Day 22: Reactor Reboot

The original problem. I learned two concepts in solving this puzzle. The first one is how to compute the area covered by multiple sets, without double counting, when they overlap with each others.

For instance, the following:

image

We know the total of area are:

Area A + Area B - Area A^B

Now with the following:

image

Area A + Area B + Area C - Area A^B - Area A^C - Area B^C + Area A^B^C

So with N set, following the pattern, it is:

Area A + Area B + .... Area N - Area A^B - Area A^C - .. Area A^N - Area B^C - ... + Area A^B^C + Area A^B^D + .... - ...

I then learned that this is the Inclusion-exclusion principle.

I stumbled upon another sub-problem when solving this puzzle, that is, given a set of items, efficiently generate all its combination and compute its n choose k combinations. I thought it will be fun to code that, so using the algorithm from Dr. James McCaffrey, I coded the algorithm and also the front end Combination App (source code) that you can play with.

Day 23: Amphipod

The original problem. This is a fun puzzle. I learn from sub-reddit that this is basically a shortest path problem and can be solved with Dijkstra's algorithm. So it is a refresher on coding that algorithm and encoding various game states into keys of nodes, with edge extended from the node as all its next possible moves, with the edge length as the move cost.

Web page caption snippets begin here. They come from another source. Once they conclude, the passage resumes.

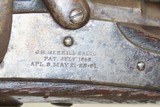 CIVIL WAR Antique JAMES MERRILL Second Type .54 Caliber Percussion CARBINE
WIDELY Used SRC by North & South During the American Civil War - 6 of 20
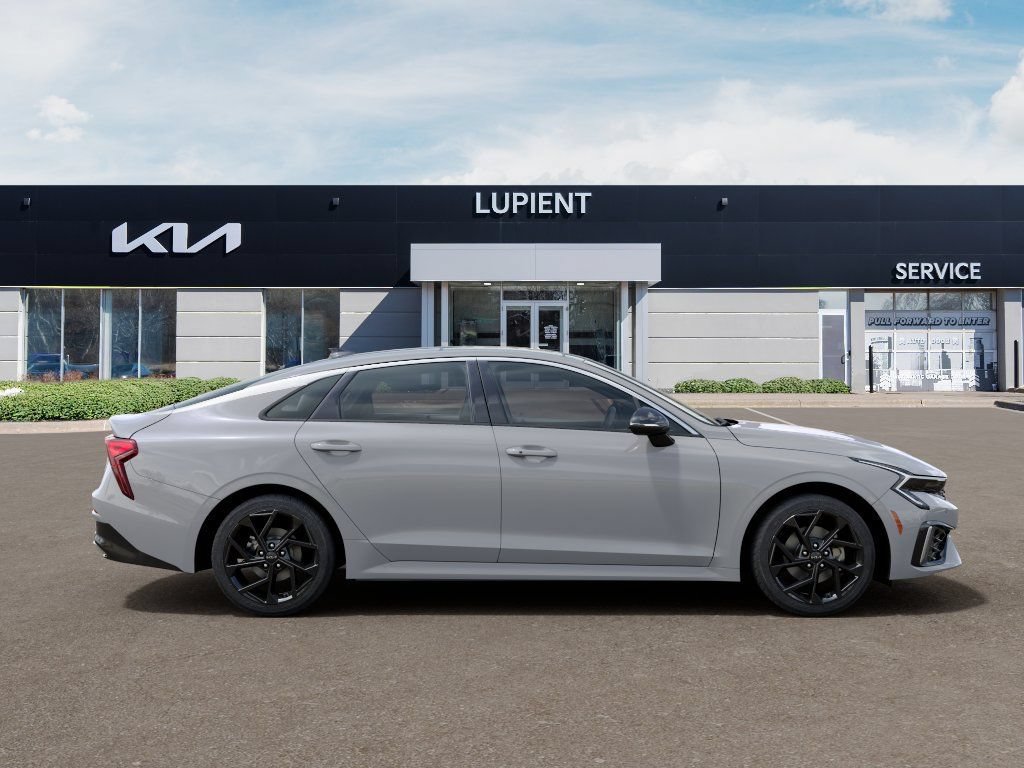 New 2026 Kia K5 GT-Line AWD/4WD image 9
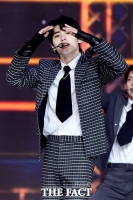 [2020 TMA] 엔하이픈 성훈, '가려도 돋보이는 이목구비'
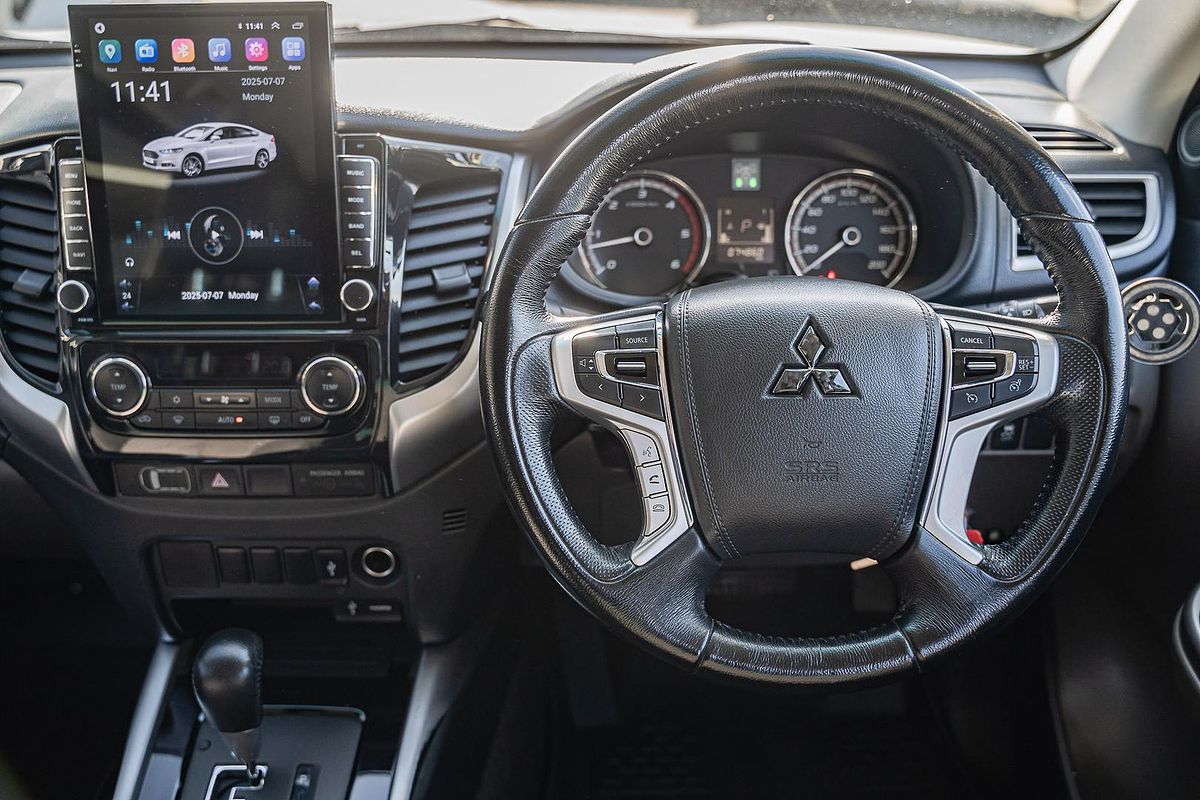 2018 Mitsubishi Triton GLS MQ 4X4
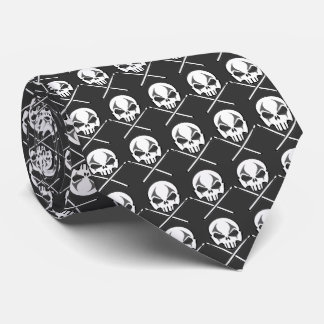Corbata de Rock and Roll Death Metal Corbatas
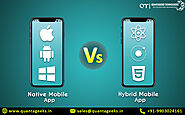 Native app development vs Hybrid app development | Which one is best?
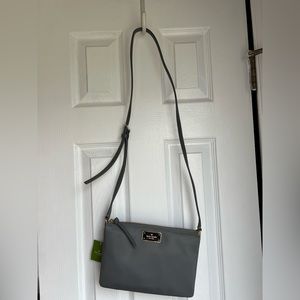 Kate Spade Crossbody Bag - Grey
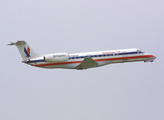 American Eagle Embraer ERJ-135LR (N730KW) at  Raleigh/Durham - International, United States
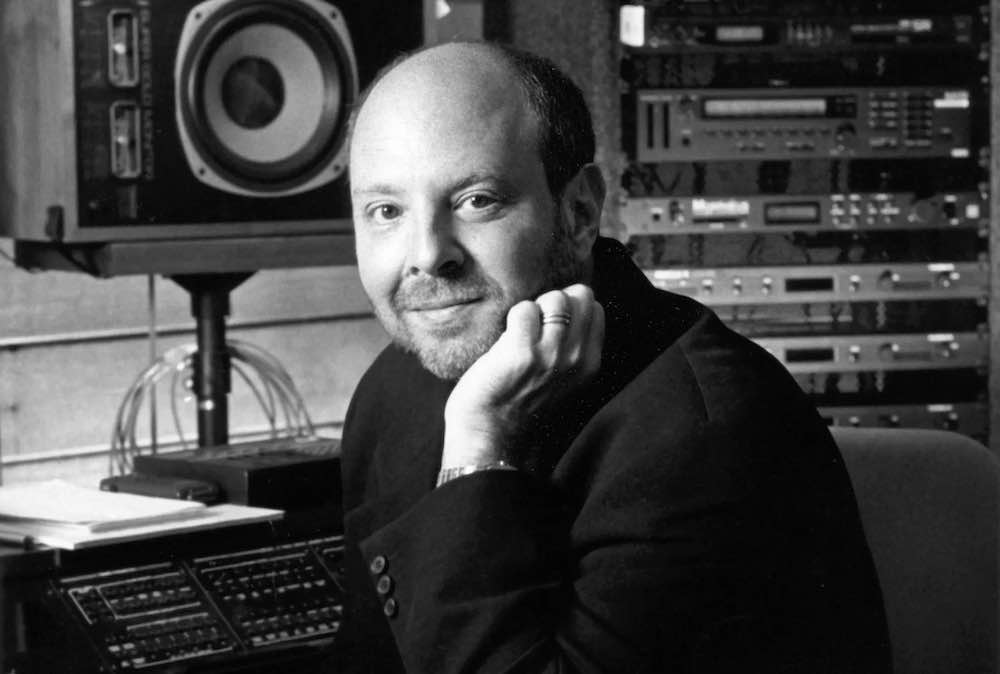 馬克史諾（Mark Snow）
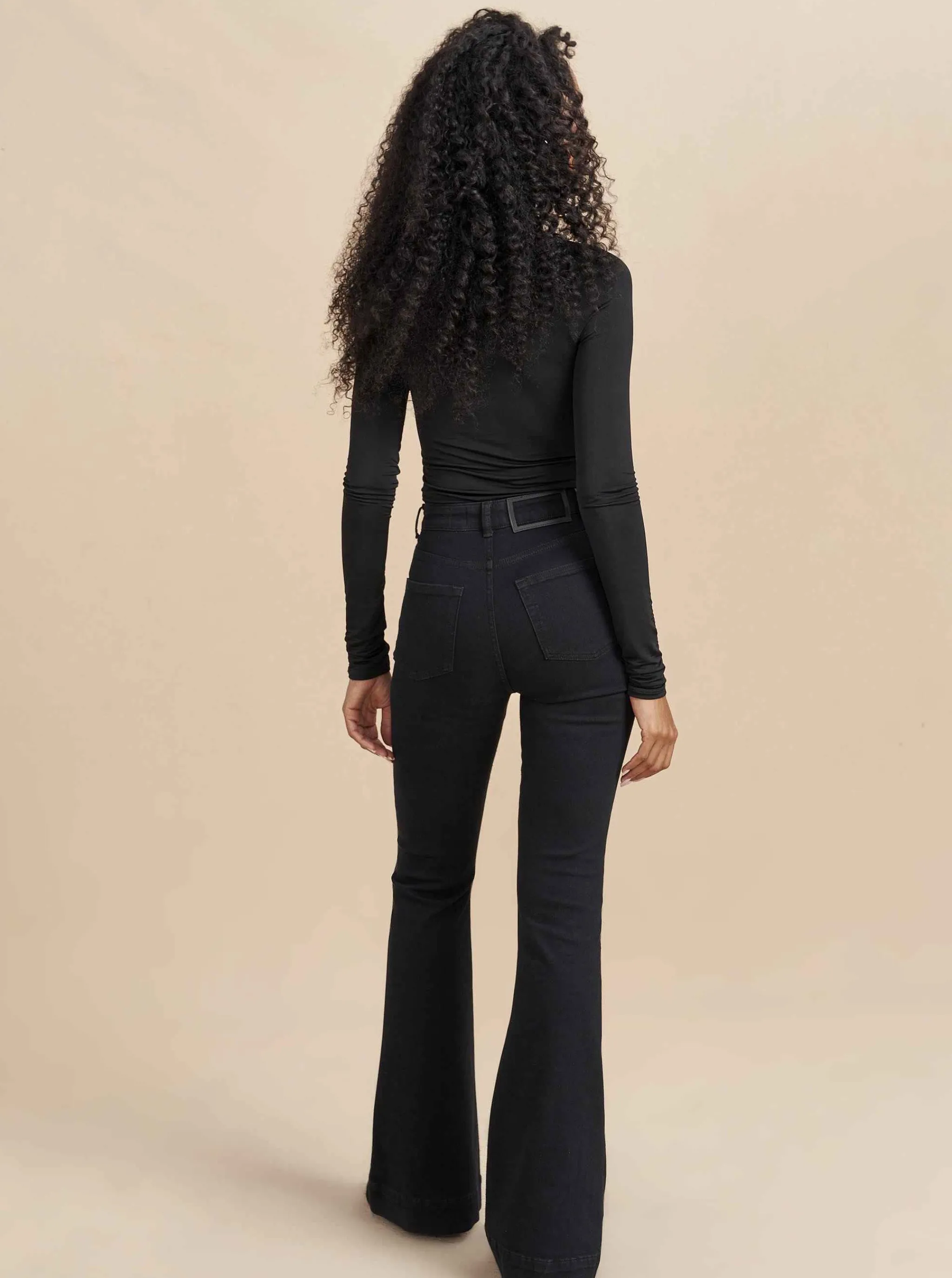 La Ligne Denim*The Polly Jean Luca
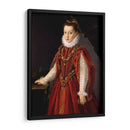 Retrato de Leonor de Médici - Sofonisba Anguissola | Cuadro decorativo de Canvas Lab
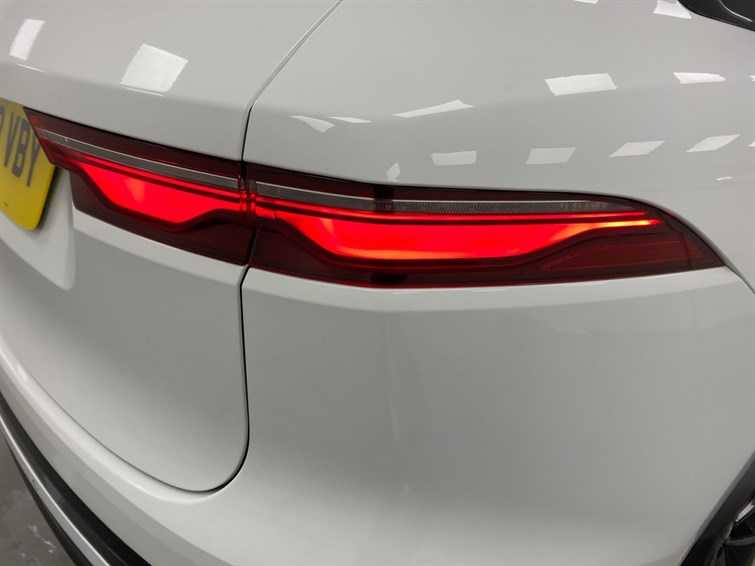 Used Jaguar F-Pace 2022 for sale - 77210449: Photo 21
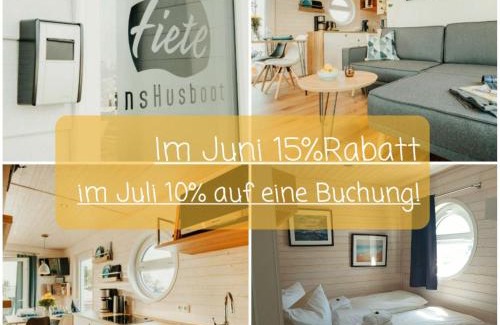 Grossenbrode House | Fiete-unsHusboot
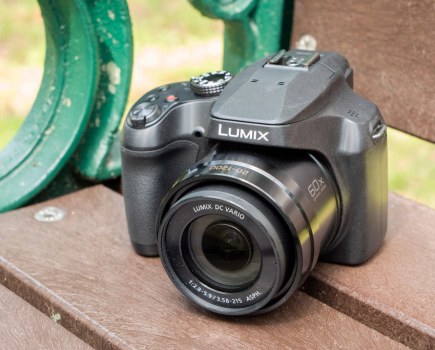 Panasonic FZ80D FZ 82D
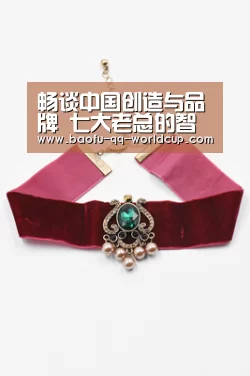 畅谈中国创造与品牌 七大老总的智慧真谛“世界杯外围买球”(图2) 世界杯外围买球
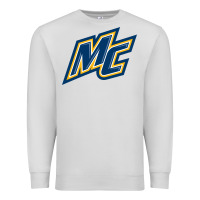 Dove Grey merrimack warriors Premium Sweatshirt - linhVisuals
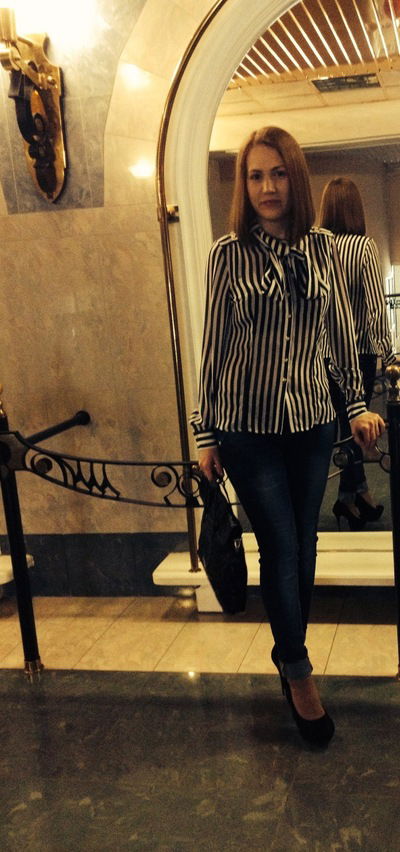 Алина Бухарметова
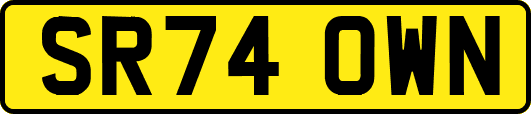 SR74OWN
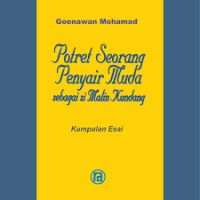 POTRET SEORANG PENYAIR MUDA SEBAGAI SI MALIN KUNDANG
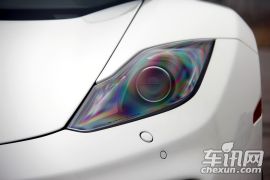 迈凯轮-迈凯轮MP4-12C-3.8 基本型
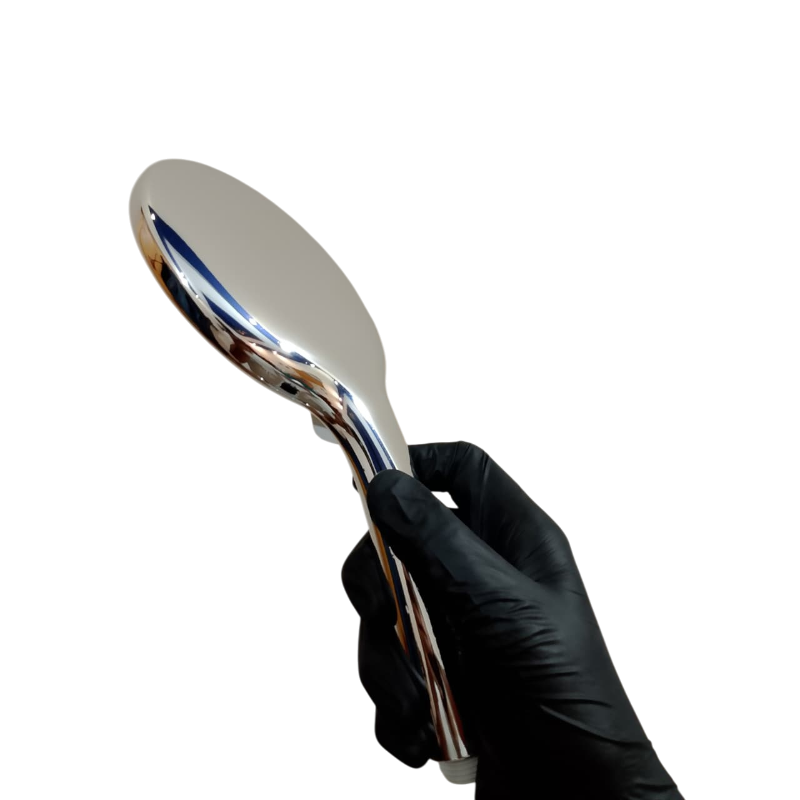 Premium Hand Shower Multi Water Flow Head for Bathing | Made in Durable ABS Plastic | High Water Pressure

But in implementing Dijkstra's algorithm, with a large amount of possible states and edges, how do you efficiently get the next shortest path to try? This is when I learn the data structure about Indexed Priority Queue (IPQ) from this Youtube video.

The overall structure is shown as follow:

image

You use an index to represent its nodes' keys and corresponding edge costs. Then during the heap operations (swimming up or down), we just move the index around. So here is the implementation of indexed priority queue with test cases.


That's it on Advent of Code 2021. Overall it is a fun and intellectually challenging experience, and I am glad to finish all 2021 problems 😉.